Production considerations
Some important things for keeping this running for real:
| Concern | Recommendation |
|---|---|
| Storage | Mount /home/nonroot/.copilot/session-state/ on a persistent volume |
| Secrets | Use K8s Secrets or Vault for COPILOT_GITHUB_TOKEN |
| Health check | client.Ping() as a liveness probe, restart if it does not respond |
| Session cleanup | Cron to delete sessions older than 24h (+ 30min idle auto-cleanup) |
| Locking | Redis SETNX if multiple pods access the same session |
| Observability | OpenTelemetry → OTLP collector → Grafana/Jaeger |
| Graceful shutdown | Drain active sessions before stopping the CLI |
| Rate limiting | Apply it in your API layer; the SDK does not limit |
Conclusion
The Copilot SDK turns Copilot from a code assistant into an agent runtime. You define behavior in code (not Markdown), control permissions, intercept the flow with hooks, inject dynamic context, and deploy it like any microservice.

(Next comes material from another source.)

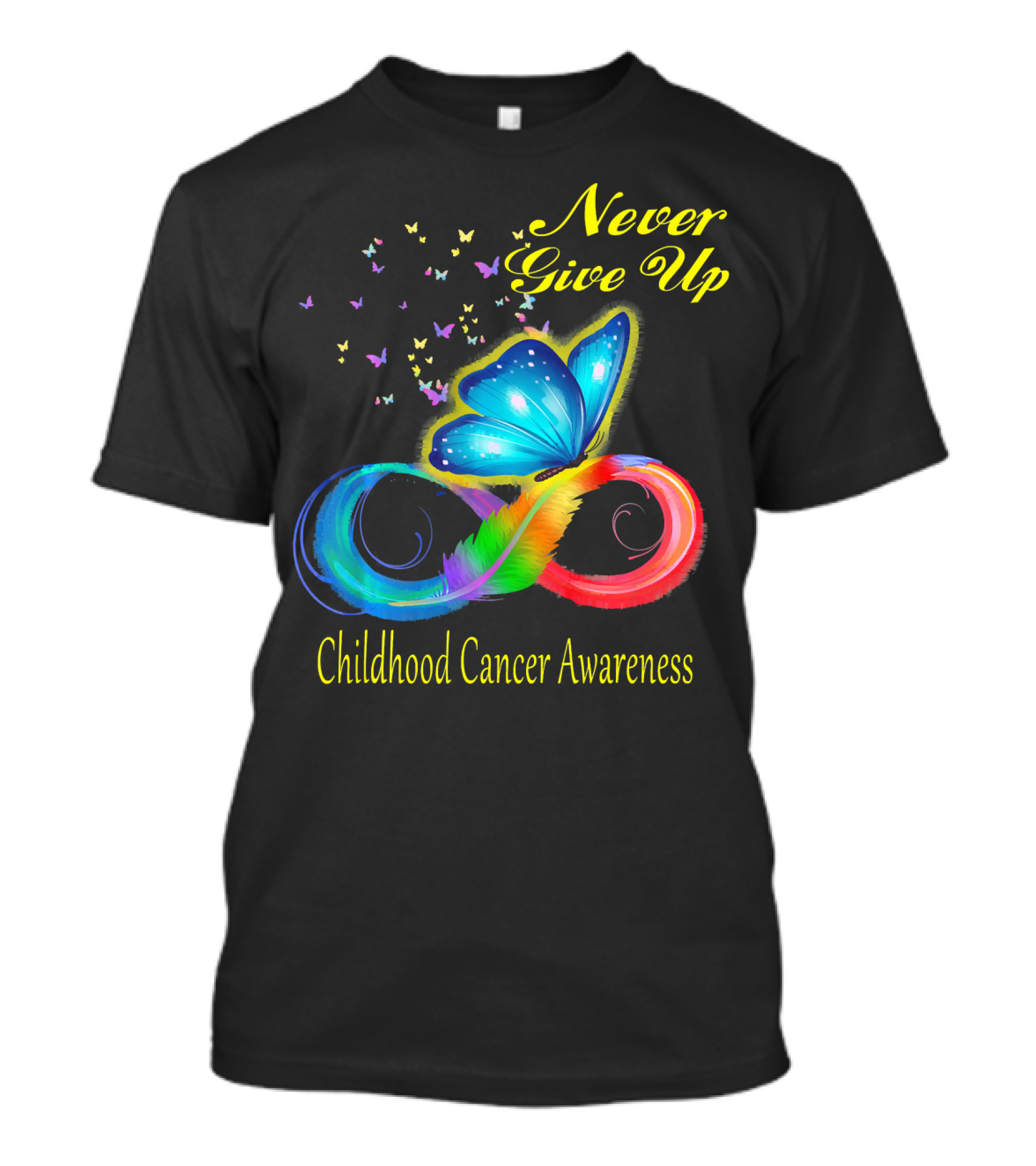 Never Give Up Butterfly Childhood Cancer Awareness T-Shirt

The Go SDK in particular has a very elegant proposition: the bundler + //go:embed generates a single static binary with the CLI included. No sidecar, no Docker-in-Docker, no external dependency. go build, and you are done.
The agent we built here is a real use case: it receives webhooks from monitoring systems, diagnoses incidents autonomously, keeps conversations with engineers going through Slack, and executes remediations with permission gates. Everything is observable through OpenTelemetry.
This is not an AI “Hello, World!”. It is a production microservice that happens to have an LLM inside.
The code and examples in this post are based on the Copilot SDK documentation. The SDK is in public preview; check the repository for the latest version.